À Nicolet aussi, on note toujours plus de demandes d’aide alimentaire à la Ressource aide alimentaire. Depuis le temps des Fêtes, on enregistre une demande des hausses de dépannage alimentaire, de plus en plus pour des gens qui ont des emplois. Du côté du Centre d’action bénévole, on voit naître un nouveau phénomène: celui des demandes financières pour aider à payer les factures scolaires.

«Des parents viennent nous voir pour qu’on les aide à défrayer la facture du service de garde. Évidemment, quand le prix de la pinte de lait augmente, il se peut que le service de garde passe en deuxième dans les priorités. Mais là, ce sont des parents qui travaillent et à qui l’école expose que leur enfant devra aller dîner à la maison parce que la facture du service n’est pas payée. Ça devient un stress énorme», constate la directrice générale Isabelle Bombardier.

Des efforts que les organismes tentent de multiplier chaque jour pour minimiser les impacts de ce train fou de l’inflation et de l’effet qu’elle a sur le budget des ménages de la région. Des efforts qui n’arrivent pas toujours à combler tous les besoins lorsque la personne s’estime encore capable de tenir le coup un moment... comme ce fut le cas ce dimanche-là, dans mon épicerie de quartier.

«Au fond de mon portefeuille dormaient deux trois billets. 30$ en tout.
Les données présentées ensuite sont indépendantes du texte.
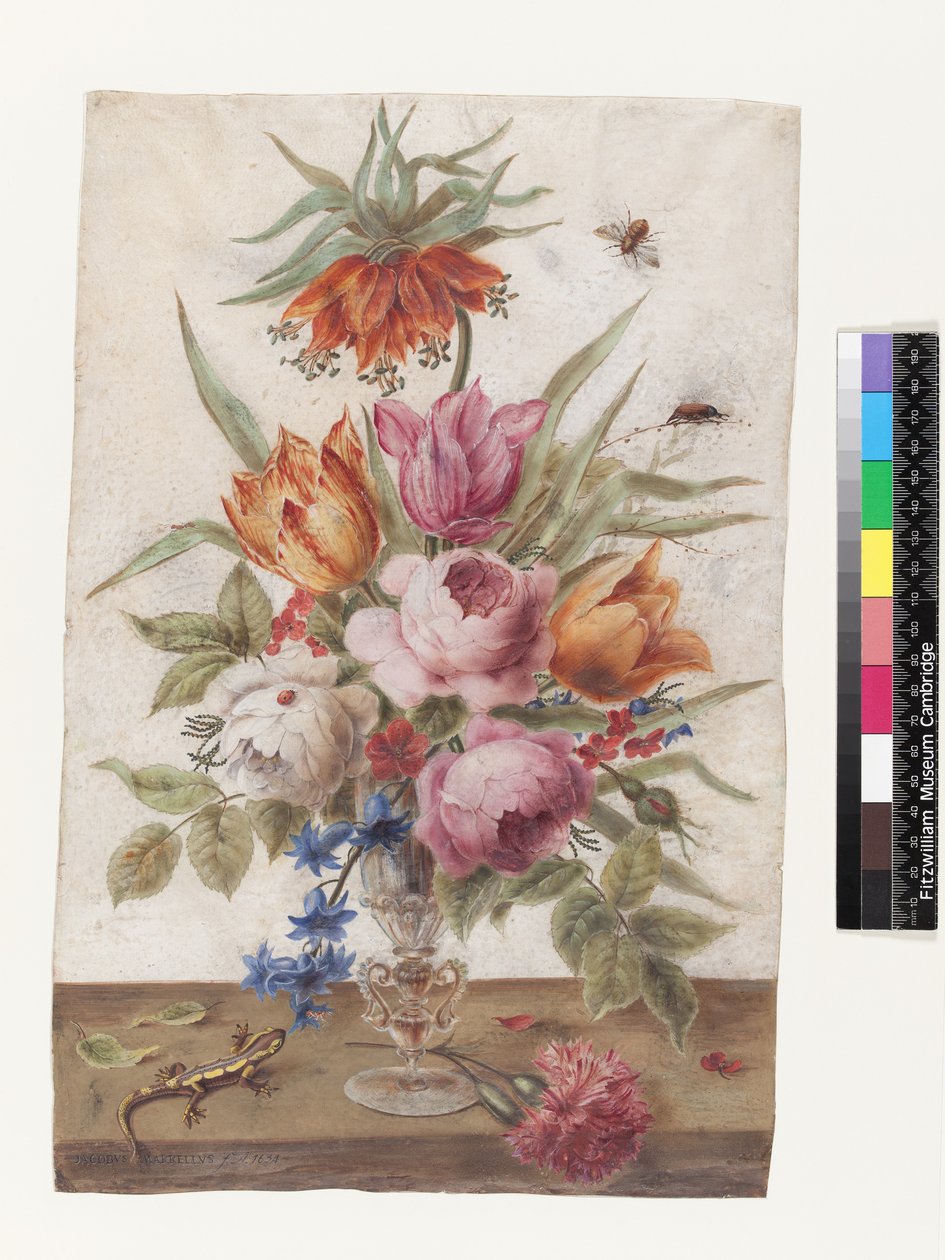 Venetiansk glassbeger som inneholder blomster med øgle og insekter, 1634 (gouache på vellum) av Jacob Marrel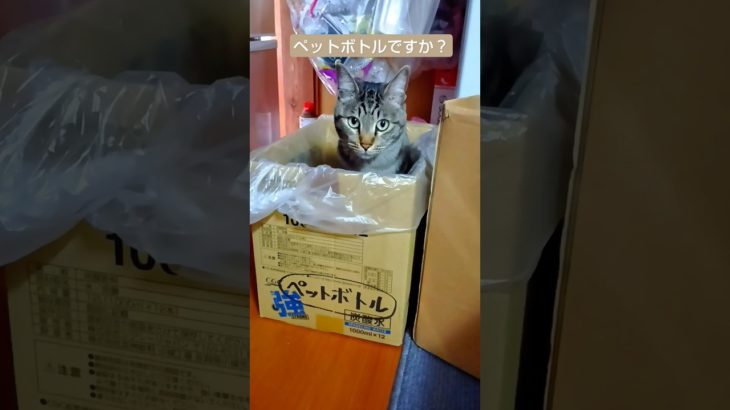 ペットボトルになったねこ #保護猫#shorts#ねこ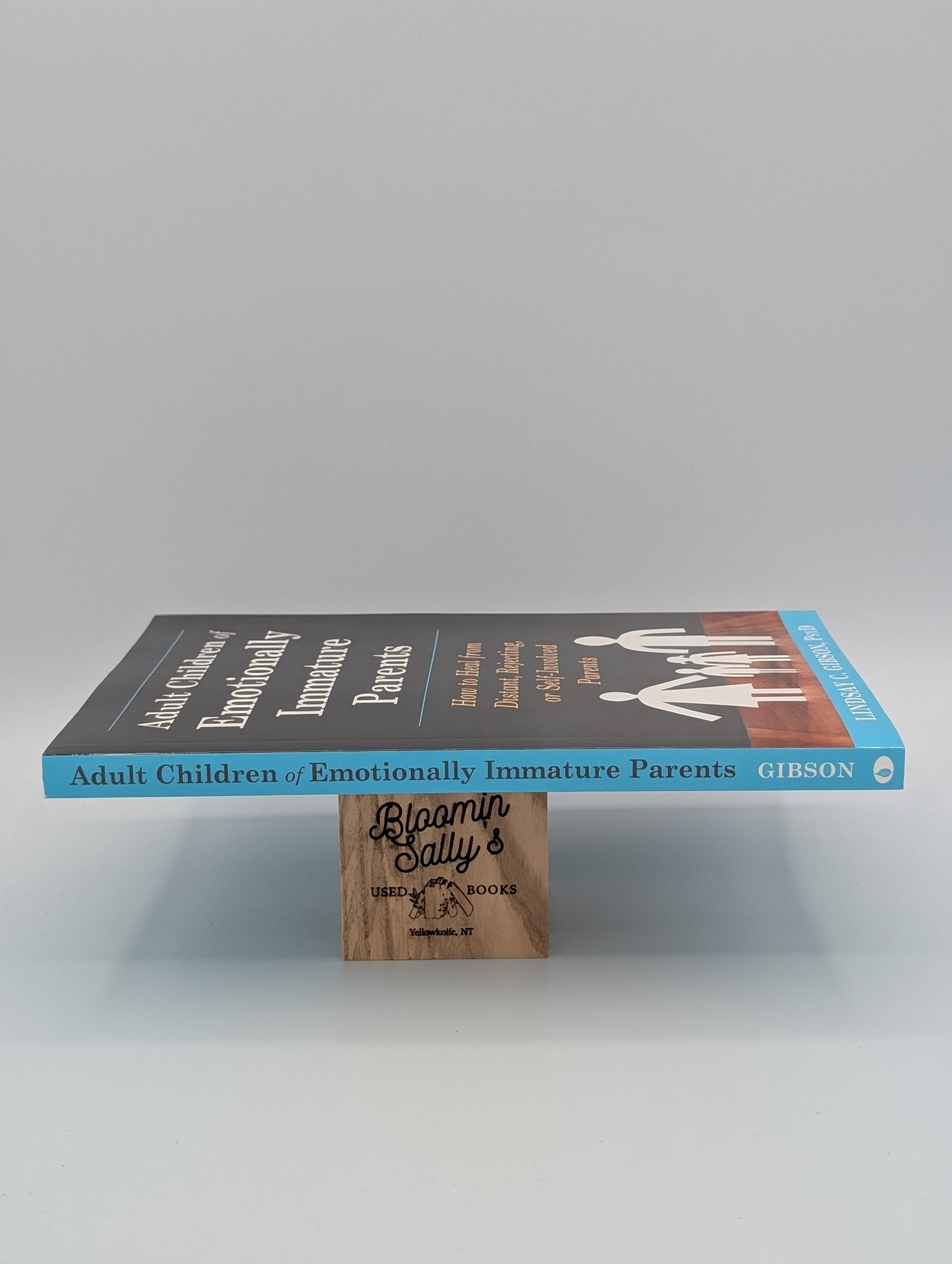 Adult Children of Emotionally Immature Parents: How to Heal from Distant, Rejecting, or Self-Involved Parents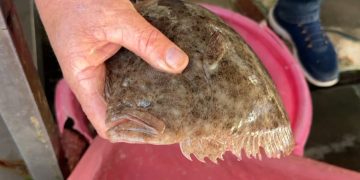 Peshq të veçantë në Vlorë: Peshkatarët tregojnë se ndryshimet vijnë për shkak të ngrohjes së detit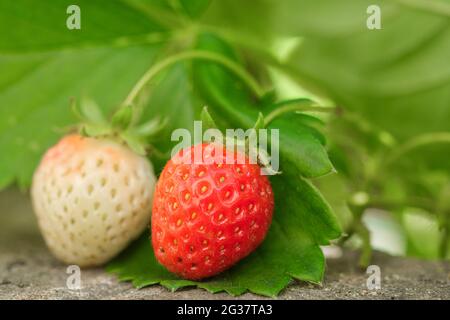 Plante biologique cru de fruits de fraise mûre, vue détaillée de près, ingrédients agricoles Banque D'Images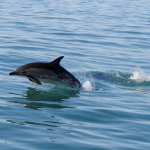 Delphinus delphis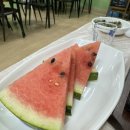 서비포차 이미지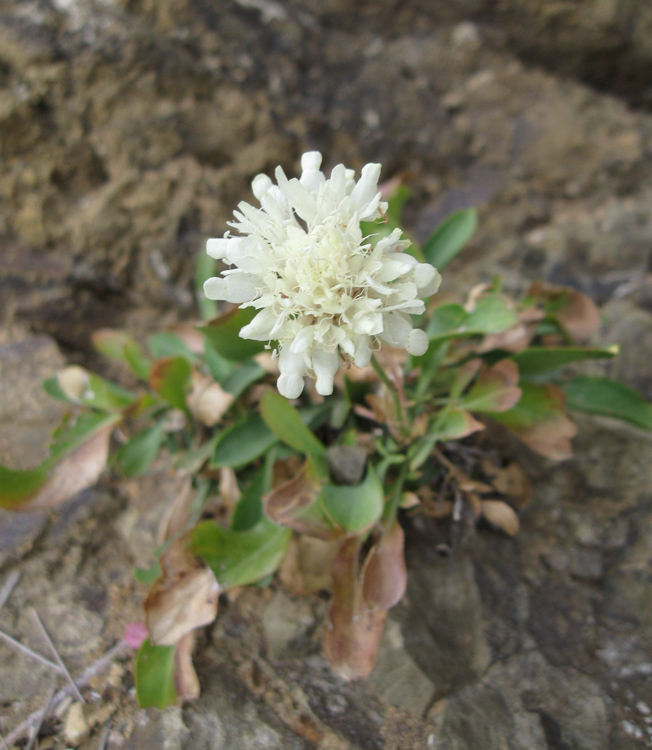 Изображение особи Cephalaria coriacea.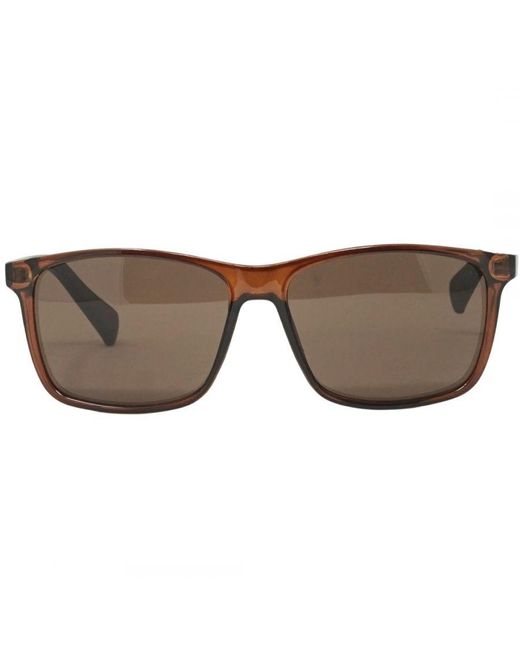 Calvin Klein Brown Ck19568S 210 Sunglasses for men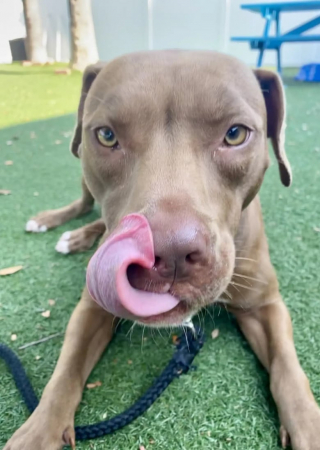 Illustration de l'article : Une chienne au regard rempli de tristesse attend depuis plusieurs années la famille aimante qui lui mettra des étoiles dans les yeux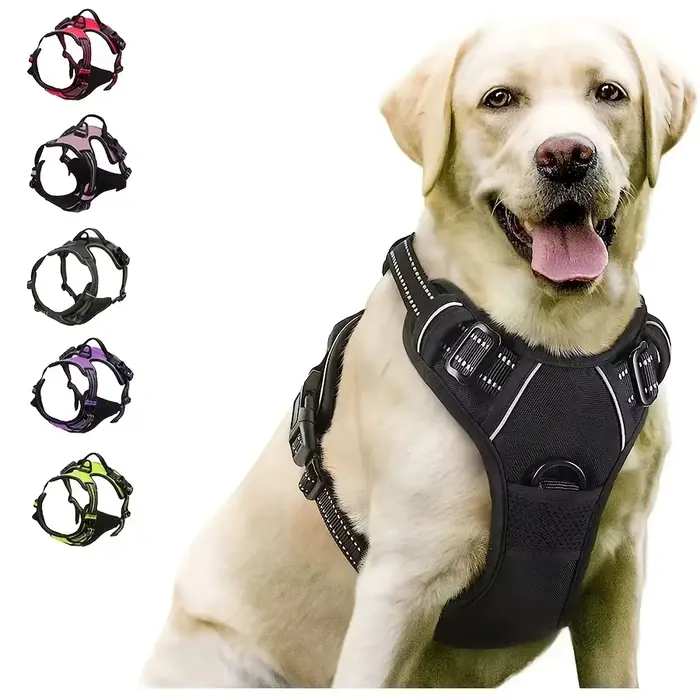 Clip avant de harnais sans traction para cão grande, robuste, réfléchissant, easy control, alça, andando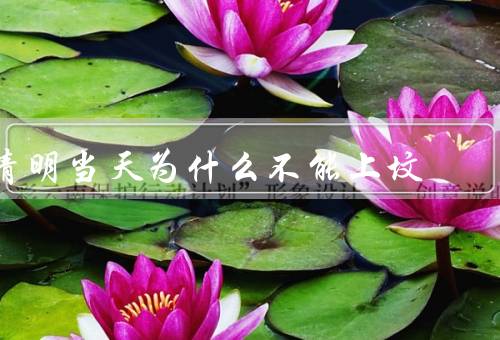 清明当天为什么不能上坟（清明节的由来／阴阳平衡的观念）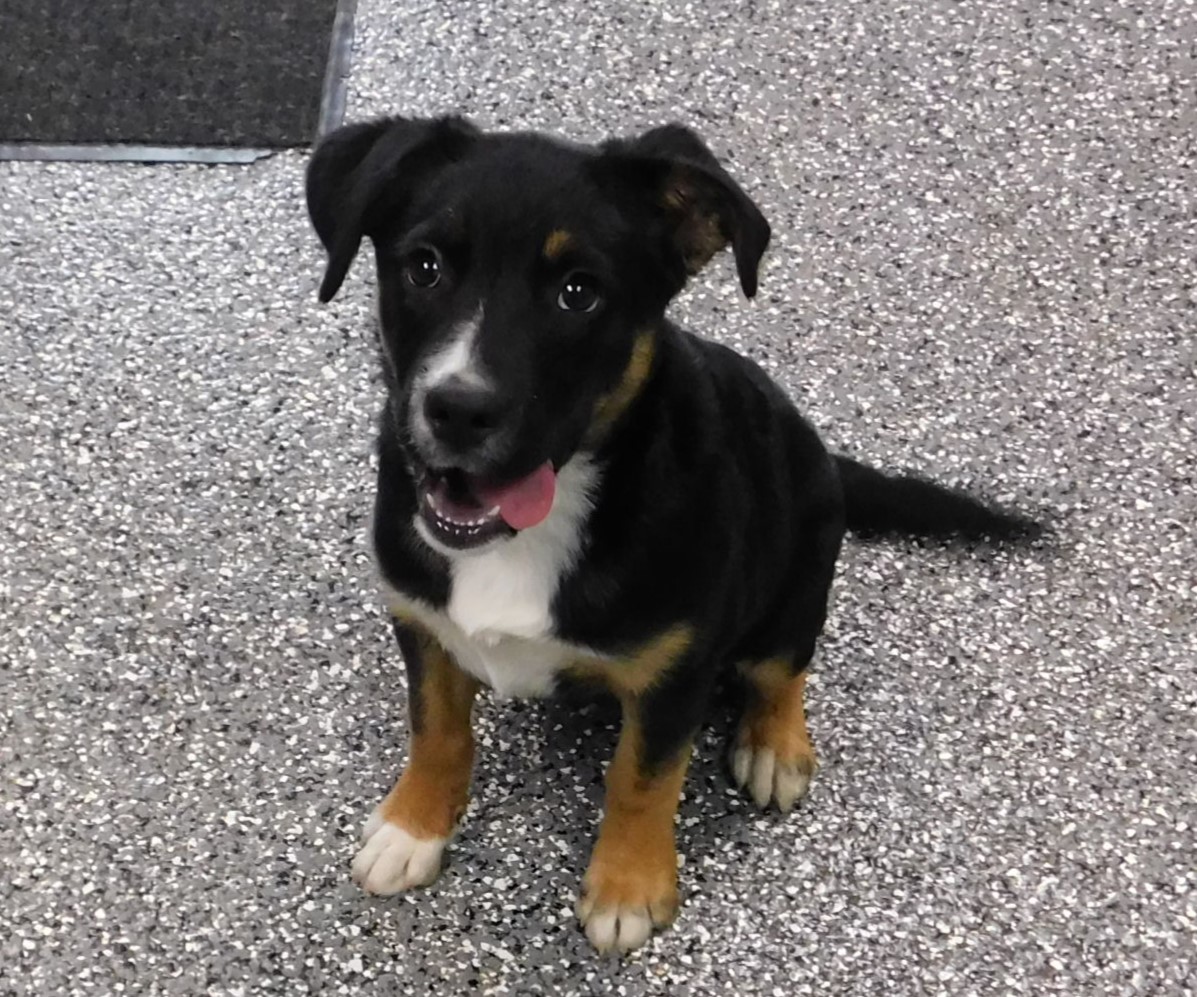 Dog for adoption Daisy, a CurlyCoated Retriever Mix in Siloam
Je les ai sortis, et discrètement tendus à cette femme, en lui disant qu’elle n’aurait pas à choisir entre deux aliments cette fois-ci.»

—  Paule Vermot-Desroches

Surprise, hésitante, ses yeux se sont remplis d’eau. Les miens aussi. Elle est partie avec ses sacs, sans rien avoir à laisser à la caisse.

J’ai continué mes achats, réalisant à quel point j’étais privilégiée que ce don improvisé ne fasse pas une grande différence dans mon budget familial cette fois-ci.

Au détour de la porte de sortie, la dame m’attendait, les bras grands ouverts pour dire merci. Elle m’a promis que le jour où elle le pourrait, elle redonnerait au suivant.

Cette semaine, ma collègue Brigitte Trahan présentait un excellent dossier proposant des trucs pour manger sans se ruiner. Parce que oui, en 2023, nous en sommes rendus à se demander comment se nourrir sans y laisser toutes nos économies.

Au même moment, les dirigeants des grandes chaînes d’alimentations se défendaient devant un comité parlementaire de contribuer à la hausse des prix pour gonfler leurs marges de profits. Surréaliste, avouez-le!

Cette dame aurait pu être ma voisine, ma soeur, ma collègue de travail. Où qu’elle soit, je souhaite de tout mon coeur qu’elle ne soit plus jamais confrontée à un choix aussi tragique que celui de choisir entre deux aliments pour nourrir sa famille.